Rereading Herzog
Herzog is not even one of my favorite Bellows (those would be Henderson the Rain King, Mr. Sammler’s Planet, and The Dean’s December—two of which are included in the latest Bellow volume from Library of America) but now that I’m reading it again after many years I’m rediscovering some wonderful passages. I thought I would tweet this favorite sentence, and discovered that it’s exactly 140 characters:
There is a distant garden where curious objects grow, and there, in a lovely dusk of green, the heart of Moses E. Herzog hangs like a peach.
Here is Herzog on his way to Martha’s Vineyard:
In the mild end of the afternoon, later, at the waterside in Woods Hole, waiting for the ferry, he looked through the green darkness at the net of bright reflections on the bottom. He loved to think about the power of the sun, about light, about the ocean. The purity of the air moved him. There was no stain in the water, where schools of minnows swam. Herzog sighed and said to himself, “Praise God—praise God.” His breathing had become freer. His heart was greatly stirred by the open horizon; the deep colors; the faint iodine pungency of the Atlantic rising from weeds and mollusks; the white, fine, heavy sand; but principally by the green transparency as he looked down to the stony bottom webbed with golden lines.
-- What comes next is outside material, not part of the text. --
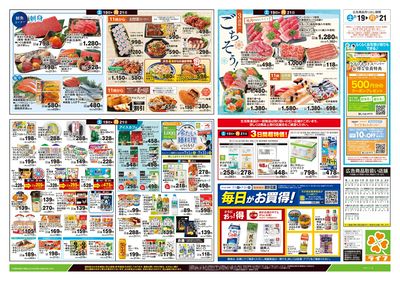 7/19号 土用の丑の日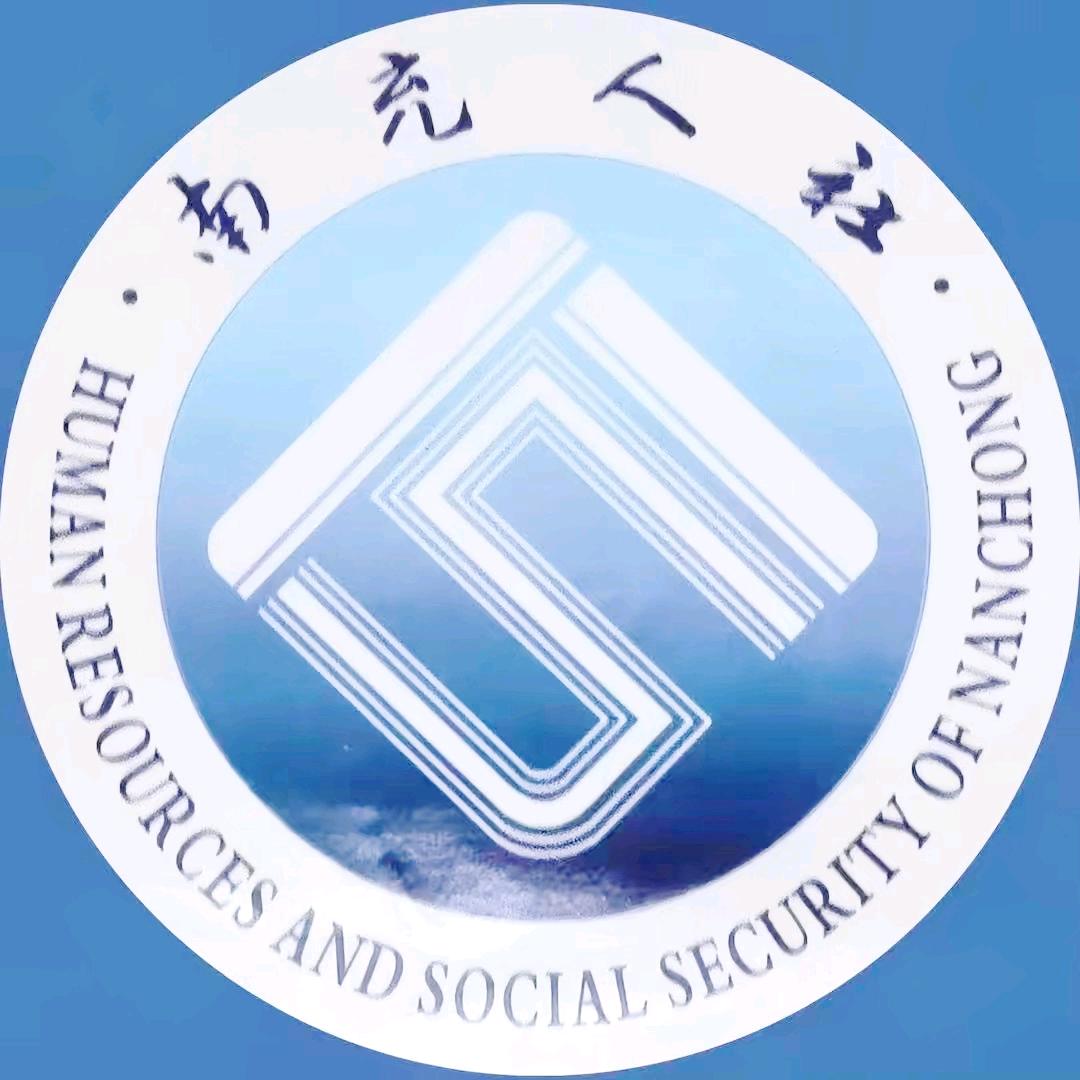 顺庆就业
And here he is watching some demolition in New York City (on the same page where his heart hangs like a peach):
At the corner he paused to watch the work of the wrecking crew. The great metal ball swung at the walls, passed easily through brick, and entered the rooms, the lazy weight browsing on kitchens and parlors. Everything it touched wavered and burst, spilled down. There rose a white tranquil cloud of plaster dust. The afternoon was ending, and in the widening area of demolition was a fire, fed by the wreckage. Moses heard the air, softly pulled toward the flames, felt the heat. The workmen, heaping the bonfire with wood, threw strips of molding like javelins.